§ Collected data
================================

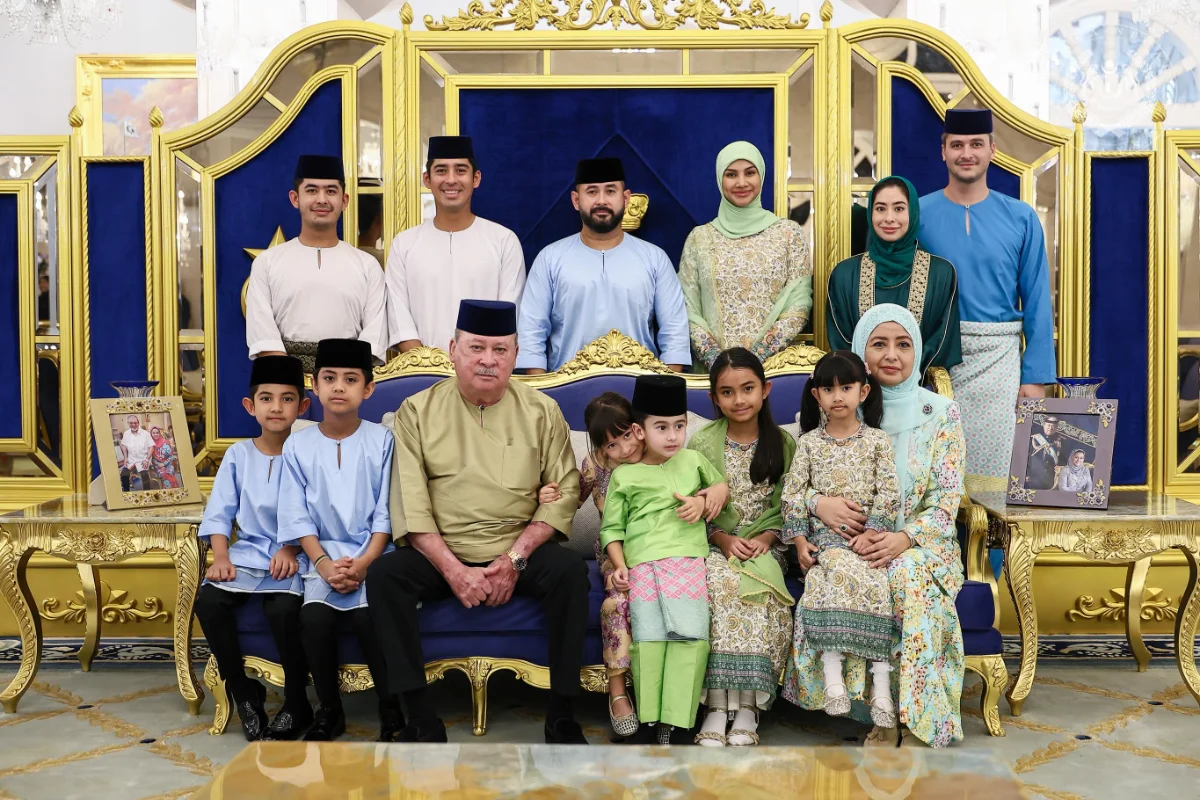 King Queen share Aidiladha meal with family King, Queen share Aidiladha meal with family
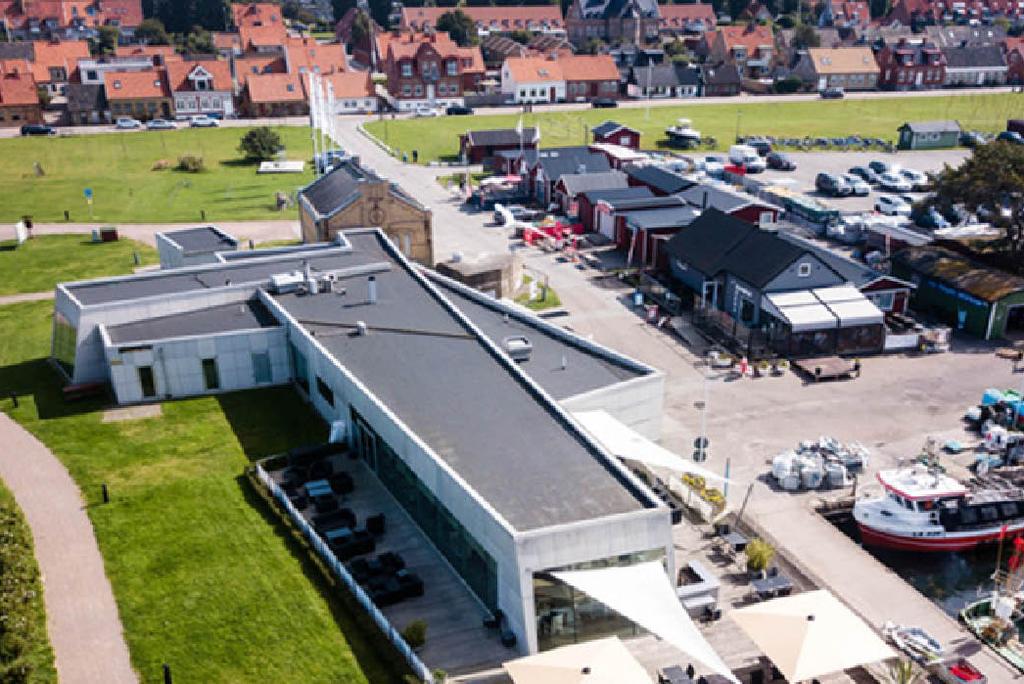 restaurangen är i en unikt designad byggnad och den andra är en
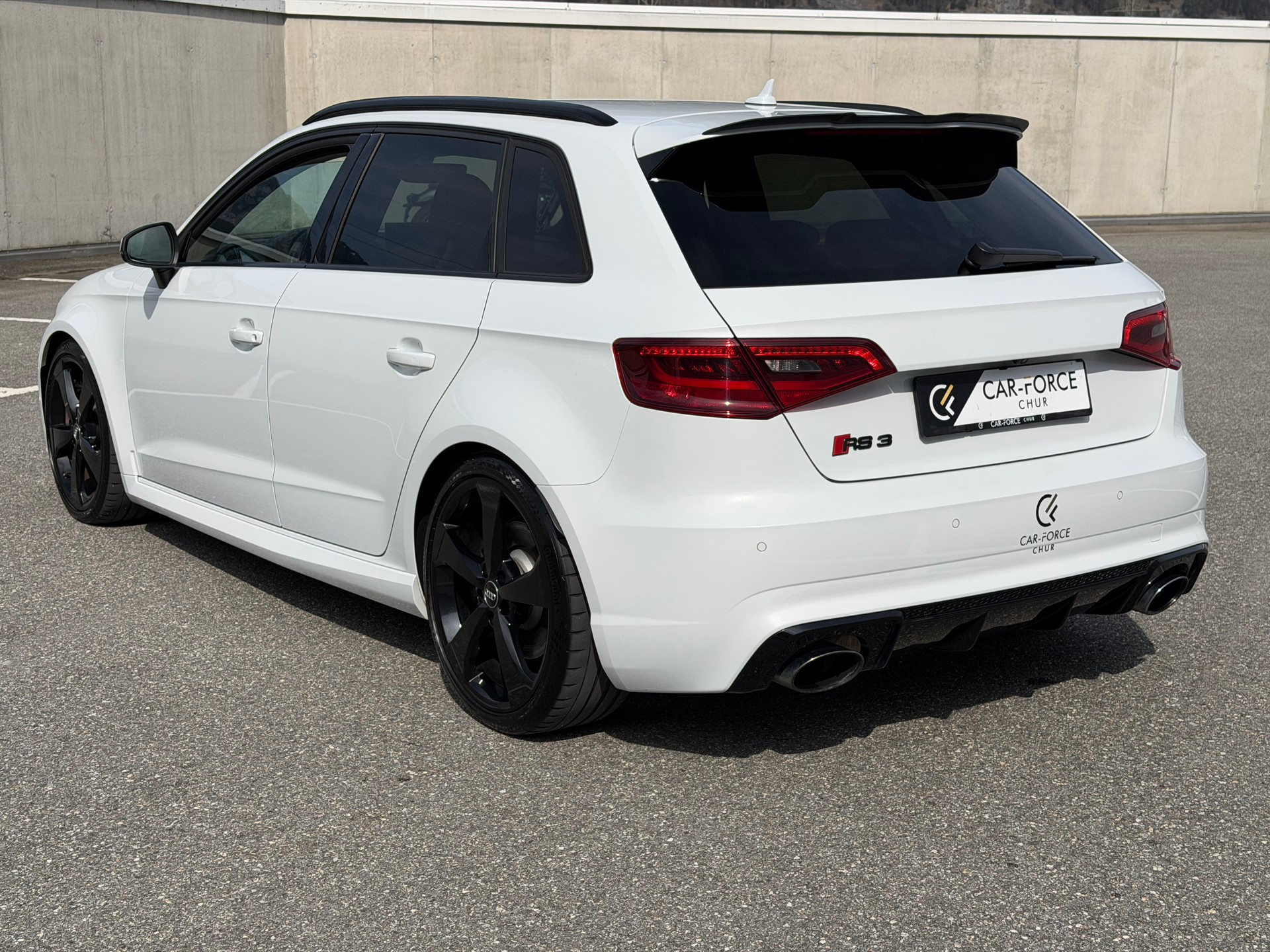 AUDI RS3 2.5 TSI quattro S-tronic-showroom-element-3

================================

§ Task directions
Exactly the lines from the one containing "restaurangen är i" through the last line of the material above, both included and free of pictures, should make up your answer, please.

§ Exercise solution
 restaurangen är i en unikt designad byggnad och den andra är en
 AUDI RS3 2.5 TSI quattro S-tronic-showroom-element-3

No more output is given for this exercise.